Activity
The span to repeat in the listing below runs from the line containing "Finally, you have" to the line containing "That's what the", inclusive. Repeat it exactly, and only it.

Records to process
================================

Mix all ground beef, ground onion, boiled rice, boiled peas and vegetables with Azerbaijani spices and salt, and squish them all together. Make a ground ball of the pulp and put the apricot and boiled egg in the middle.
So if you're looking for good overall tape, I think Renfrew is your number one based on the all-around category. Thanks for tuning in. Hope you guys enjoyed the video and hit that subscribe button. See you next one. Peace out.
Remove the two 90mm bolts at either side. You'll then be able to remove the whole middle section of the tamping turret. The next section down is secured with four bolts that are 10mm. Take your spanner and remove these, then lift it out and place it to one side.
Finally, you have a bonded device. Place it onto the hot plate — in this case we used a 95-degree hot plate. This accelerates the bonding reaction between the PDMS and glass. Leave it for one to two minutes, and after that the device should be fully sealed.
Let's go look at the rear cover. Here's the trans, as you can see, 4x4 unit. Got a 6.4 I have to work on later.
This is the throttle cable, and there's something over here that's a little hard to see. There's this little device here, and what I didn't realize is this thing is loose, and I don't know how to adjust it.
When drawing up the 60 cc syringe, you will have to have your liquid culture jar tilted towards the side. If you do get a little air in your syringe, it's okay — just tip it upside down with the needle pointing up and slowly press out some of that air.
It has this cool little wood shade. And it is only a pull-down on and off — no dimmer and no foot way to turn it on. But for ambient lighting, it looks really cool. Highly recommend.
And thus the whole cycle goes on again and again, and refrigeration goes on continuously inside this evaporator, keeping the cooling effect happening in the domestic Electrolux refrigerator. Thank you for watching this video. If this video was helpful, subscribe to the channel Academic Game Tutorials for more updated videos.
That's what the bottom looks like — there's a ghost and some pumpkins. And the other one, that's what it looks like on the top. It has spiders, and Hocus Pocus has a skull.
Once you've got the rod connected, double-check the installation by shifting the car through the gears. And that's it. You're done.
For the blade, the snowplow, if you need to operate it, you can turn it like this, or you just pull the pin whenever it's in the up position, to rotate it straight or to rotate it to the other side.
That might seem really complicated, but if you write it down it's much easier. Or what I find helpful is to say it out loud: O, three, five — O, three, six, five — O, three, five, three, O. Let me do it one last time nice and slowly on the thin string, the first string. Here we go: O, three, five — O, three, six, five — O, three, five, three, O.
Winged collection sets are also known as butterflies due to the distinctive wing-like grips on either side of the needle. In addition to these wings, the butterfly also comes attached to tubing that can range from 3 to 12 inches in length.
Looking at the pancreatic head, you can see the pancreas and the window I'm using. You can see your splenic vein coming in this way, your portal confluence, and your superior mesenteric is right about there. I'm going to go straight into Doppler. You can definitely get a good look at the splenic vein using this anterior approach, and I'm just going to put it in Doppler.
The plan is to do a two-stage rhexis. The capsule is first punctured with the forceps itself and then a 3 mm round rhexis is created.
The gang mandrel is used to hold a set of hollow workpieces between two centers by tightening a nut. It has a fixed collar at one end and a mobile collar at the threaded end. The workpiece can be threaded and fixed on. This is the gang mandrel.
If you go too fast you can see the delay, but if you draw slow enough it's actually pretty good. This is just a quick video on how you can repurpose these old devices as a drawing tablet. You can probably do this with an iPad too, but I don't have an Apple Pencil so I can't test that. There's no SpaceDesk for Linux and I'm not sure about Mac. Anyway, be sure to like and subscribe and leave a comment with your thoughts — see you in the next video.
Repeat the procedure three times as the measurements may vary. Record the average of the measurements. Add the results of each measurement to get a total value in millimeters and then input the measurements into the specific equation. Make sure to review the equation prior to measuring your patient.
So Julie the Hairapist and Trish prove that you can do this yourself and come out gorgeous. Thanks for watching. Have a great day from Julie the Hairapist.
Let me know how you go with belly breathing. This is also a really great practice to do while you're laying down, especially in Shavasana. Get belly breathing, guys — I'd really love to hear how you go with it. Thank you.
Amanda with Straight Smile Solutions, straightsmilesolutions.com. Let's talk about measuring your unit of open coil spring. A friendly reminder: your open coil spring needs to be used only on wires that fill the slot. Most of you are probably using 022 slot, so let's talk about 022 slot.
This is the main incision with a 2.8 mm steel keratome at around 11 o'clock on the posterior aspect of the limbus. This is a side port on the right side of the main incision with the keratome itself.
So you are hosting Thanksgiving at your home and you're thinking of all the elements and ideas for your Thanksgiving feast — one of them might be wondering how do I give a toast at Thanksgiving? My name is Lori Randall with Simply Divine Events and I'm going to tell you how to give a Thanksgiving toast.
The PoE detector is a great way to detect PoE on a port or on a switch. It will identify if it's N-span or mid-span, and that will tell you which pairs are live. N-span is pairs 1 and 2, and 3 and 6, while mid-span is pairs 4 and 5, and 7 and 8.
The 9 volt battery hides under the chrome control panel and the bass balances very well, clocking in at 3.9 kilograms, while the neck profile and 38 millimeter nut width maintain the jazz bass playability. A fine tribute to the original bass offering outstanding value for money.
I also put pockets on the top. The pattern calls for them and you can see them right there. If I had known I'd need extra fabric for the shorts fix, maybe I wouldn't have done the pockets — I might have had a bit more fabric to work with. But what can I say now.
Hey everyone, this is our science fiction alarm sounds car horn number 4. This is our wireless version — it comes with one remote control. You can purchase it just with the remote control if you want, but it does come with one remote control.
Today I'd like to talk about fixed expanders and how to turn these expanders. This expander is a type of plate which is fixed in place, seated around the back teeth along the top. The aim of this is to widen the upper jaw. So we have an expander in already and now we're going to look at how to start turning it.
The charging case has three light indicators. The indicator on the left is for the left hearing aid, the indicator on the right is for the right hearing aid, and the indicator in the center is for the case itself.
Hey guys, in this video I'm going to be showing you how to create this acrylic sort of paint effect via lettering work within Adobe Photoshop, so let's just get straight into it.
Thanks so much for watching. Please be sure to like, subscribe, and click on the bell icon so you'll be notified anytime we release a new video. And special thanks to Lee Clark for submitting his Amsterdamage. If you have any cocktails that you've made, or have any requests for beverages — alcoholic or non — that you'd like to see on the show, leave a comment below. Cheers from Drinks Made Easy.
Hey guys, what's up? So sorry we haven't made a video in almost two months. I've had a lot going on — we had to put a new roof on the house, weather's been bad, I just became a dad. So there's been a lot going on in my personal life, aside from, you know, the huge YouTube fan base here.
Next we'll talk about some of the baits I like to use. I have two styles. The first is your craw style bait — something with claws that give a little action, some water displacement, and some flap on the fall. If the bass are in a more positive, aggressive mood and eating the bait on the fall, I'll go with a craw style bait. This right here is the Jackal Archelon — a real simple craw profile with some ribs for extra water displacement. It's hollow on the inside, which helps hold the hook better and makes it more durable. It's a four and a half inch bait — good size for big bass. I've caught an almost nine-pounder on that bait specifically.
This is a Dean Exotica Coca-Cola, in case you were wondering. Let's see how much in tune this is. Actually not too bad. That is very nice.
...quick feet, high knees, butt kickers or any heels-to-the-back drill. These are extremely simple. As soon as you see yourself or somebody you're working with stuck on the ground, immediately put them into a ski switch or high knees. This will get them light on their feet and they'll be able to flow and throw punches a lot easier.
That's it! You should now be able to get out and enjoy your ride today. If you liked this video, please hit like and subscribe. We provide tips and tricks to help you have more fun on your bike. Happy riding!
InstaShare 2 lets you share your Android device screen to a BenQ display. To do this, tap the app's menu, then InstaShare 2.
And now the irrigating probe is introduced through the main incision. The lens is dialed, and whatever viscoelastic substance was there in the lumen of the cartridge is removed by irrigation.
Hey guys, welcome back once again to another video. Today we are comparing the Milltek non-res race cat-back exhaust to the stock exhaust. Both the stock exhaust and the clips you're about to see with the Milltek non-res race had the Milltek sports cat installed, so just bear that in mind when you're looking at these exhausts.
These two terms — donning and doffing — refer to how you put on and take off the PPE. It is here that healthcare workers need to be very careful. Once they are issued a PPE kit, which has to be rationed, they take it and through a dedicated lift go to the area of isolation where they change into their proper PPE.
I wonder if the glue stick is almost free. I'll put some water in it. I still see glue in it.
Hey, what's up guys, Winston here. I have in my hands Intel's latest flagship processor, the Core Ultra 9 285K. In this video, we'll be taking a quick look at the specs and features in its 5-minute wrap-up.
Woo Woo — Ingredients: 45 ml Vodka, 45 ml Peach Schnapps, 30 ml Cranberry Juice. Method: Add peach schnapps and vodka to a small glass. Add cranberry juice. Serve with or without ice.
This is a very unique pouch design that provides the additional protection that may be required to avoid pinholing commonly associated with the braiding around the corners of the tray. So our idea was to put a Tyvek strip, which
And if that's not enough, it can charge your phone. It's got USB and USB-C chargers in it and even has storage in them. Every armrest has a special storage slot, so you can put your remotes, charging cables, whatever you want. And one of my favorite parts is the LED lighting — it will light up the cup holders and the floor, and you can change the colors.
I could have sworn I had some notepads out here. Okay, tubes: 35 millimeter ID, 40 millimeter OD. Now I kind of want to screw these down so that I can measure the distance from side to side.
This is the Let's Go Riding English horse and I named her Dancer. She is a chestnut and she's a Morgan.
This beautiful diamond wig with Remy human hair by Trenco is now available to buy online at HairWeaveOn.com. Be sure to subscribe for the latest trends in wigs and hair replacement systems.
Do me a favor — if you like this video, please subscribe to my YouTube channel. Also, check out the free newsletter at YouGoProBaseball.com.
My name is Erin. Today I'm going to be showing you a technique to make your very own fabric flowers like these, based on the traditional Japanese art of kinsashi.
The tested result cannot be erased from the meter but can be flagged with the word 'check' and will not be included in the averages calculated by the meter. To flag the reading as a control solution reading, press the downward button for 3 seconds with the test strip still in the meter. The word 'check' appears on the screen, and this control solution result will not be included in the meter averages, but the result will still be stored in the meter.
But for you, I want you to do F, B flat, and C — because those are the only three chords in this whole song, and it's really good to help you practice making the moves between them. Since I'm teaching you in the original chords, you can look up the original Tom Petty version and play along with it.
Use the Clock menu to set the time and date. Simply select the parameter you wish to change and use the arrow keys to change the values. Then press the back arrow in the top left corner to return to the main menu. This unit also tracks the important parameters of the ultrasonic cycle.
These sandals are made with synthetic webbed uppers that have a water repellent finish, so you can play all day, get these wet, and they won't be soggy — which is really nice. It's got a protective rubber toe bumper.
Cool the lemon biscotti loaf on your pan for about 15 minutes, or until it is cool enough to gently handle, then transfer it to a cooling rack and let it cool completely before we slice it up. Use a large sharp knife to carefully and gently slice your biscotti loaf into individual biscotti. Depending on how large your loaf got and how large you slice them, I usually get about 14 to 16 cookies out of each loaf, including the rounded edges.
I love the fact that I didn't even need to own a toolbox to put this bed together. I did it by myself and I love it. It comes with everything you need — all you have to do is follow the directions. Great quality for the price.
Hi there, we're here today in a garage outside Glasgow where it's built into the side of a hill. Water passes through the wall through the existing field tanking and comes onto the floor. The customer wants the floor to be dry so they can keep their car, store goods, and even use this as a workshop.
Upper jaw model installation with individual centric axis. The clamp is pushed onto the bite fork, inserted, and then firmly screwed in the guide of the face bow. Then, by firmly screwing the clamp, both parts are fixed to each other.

================================

Solution to the problem
Finally, you have a bonded device. Place it onto the hot plate — in this case we used a 95-degree hot plate. This accelerates the bonding reaction between the PDMS and glass. Leave it for one to two minutes, and after that the device should be fully sealed.
Let's go look at the rear cover. Here's the trans, as you can see, 4x4 unit. Got a 6.4 I have to work on later.
This is the throttle cable, and there's something over here that's a little hard to see. There's this little device here, and what I didn't realize is this thing is loose, and I don't know how to adjust it.
When drawing up the 60 cc syringe, you will have to have your liquid culture jar tilted towards the side. If you do get a little air in your syringe, it's okay — just tip it upside down with the needle pointing up and slowly press out some of that air.
It has this cool little wood shade. And it is only a pull-down on and off — no dimmer and no foot way to turn it on. But for ambient lighting, it looks really cool. Highly recommend.
And thus the whole cycle goes on again and again, and refrigeration goes on continuously inside this evaporator, keeping the cooling effect happening in the domestic Electrolux refrigerator. Thank you for watching this video. If this video was helpful, subscribe to the channel Academic Game Tutorials for more updated videos.
That's what the bottom looks like — there's a ghost and some pumpkins. And the other one, that's what it looks like on the top. It has spiders, and Hocus Pocus has a skull.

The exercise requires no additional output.